# New Ridden Monsters discussion; combined statlines



## Vaz (Mar 19, 2008)

So, today, I got my first glimpse of the new Warhammer Fantasy "campaign" rulebook concerning the End Times and all things Nagash, which, seemingly like the end-of-edition Grey Knights and Necrons, contains some sneak previews of what to expect for the next edition.

There were three for me, actually. 

The first was the already well discussed one - the Lord allowance increasing. This is something which I like - the big attractive models like the Princes on Dragons have always been one of the most attractive things of the game, similar to how the big ol' tanks tend to draw a few "ooh's" and "aah's" from the 40k crowd. It has been notable over the last few editions actually how big the monsters have grown - compare a treeman from this edition to the one from 5th edition wood elves. That thing used to be on a 40mm base for crying out loud. I'm happy at this, although it will be interesting to see how they manage to imbalance magic further now that some can field a L4 wizard at 500pts games.

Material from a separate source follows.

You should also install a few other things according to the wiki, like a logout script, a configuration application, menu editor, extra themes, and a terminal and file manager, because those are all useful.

The next one was rules for buildings. Or rather, building collections. Similar to how you could always buy terrain in 40K, but other than it looking pretty, they didn't really do much, until they started to weaponise them and turn them into assets for the game. GW have finally cottoned on to the idea that people buy what works, and if it's good in a game then it's going to sell well. Seeing that Gardens of Morr have progressed from simply being a collection of Mystical Terrain into a defined object which grants special rules from being clustered together. It will be a matter of time before we start seeing "fortifications" of some sort as an actual purchaseable thing in army books. I for one am quite happy to see this. I only hope they come with some proper form of siege rules.

The last thing which a few others have touched upon is that Monstrous Creatures with Riders seem to share the profiles - presumably choosing the best of some stats, and adding a select few others together.

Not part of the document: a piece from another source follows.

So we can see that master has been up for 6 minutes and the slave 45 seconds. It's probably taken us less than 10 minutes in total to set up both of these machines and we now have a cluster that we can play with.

Now, the book I've got isn't the full one. I'm waiting for a while to see whether it picks up the game a lot, as right now the 8th edition game is a gopping mess (not as much of one as 7th, but still), so I've not got access to everything that's in the Nagash book, but as far as I can tell, there's no rules for combining monsters - this is pure theorycraft.

So, lets take a look at Mannfred - he has two incarnations, the Vampire Counts version where he is called Count Mannfred, and Nagash version, where he is called "the Mortarch of Night" - we'll call him Mortarch Mannfred for ease.

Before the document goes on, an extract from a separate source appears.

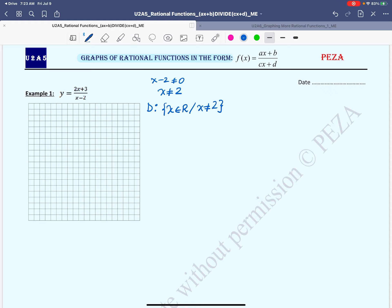The next thing we find is the vertical asymptote. It's best to find it right after stating the domain, because vertical asymptotes are tied in with the domain. Vertical asymptotes have equations in the form x equals the restricted values. In our case, we have only one restriction, so we have only one vertical asymptote at x equals 2.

So, Count Mannfred - he is 530pts, and if you've got the book, you'll be aware of his statline and special rules. He has options for 3 different mounts - a Barded Nightmare, a Hellsteed, or an Abyssal Terror. Other than the changes to the global rules for Generals of Undeath (i.e, removed), he is the same.

Now, come to Mortarch Mannfred - at 650pts, he costs the exact same as an Abyssal Terror, but rides a Dread Abyssal Instead.

Firstly, his unit type changes, becoming "Monster (Special Character)".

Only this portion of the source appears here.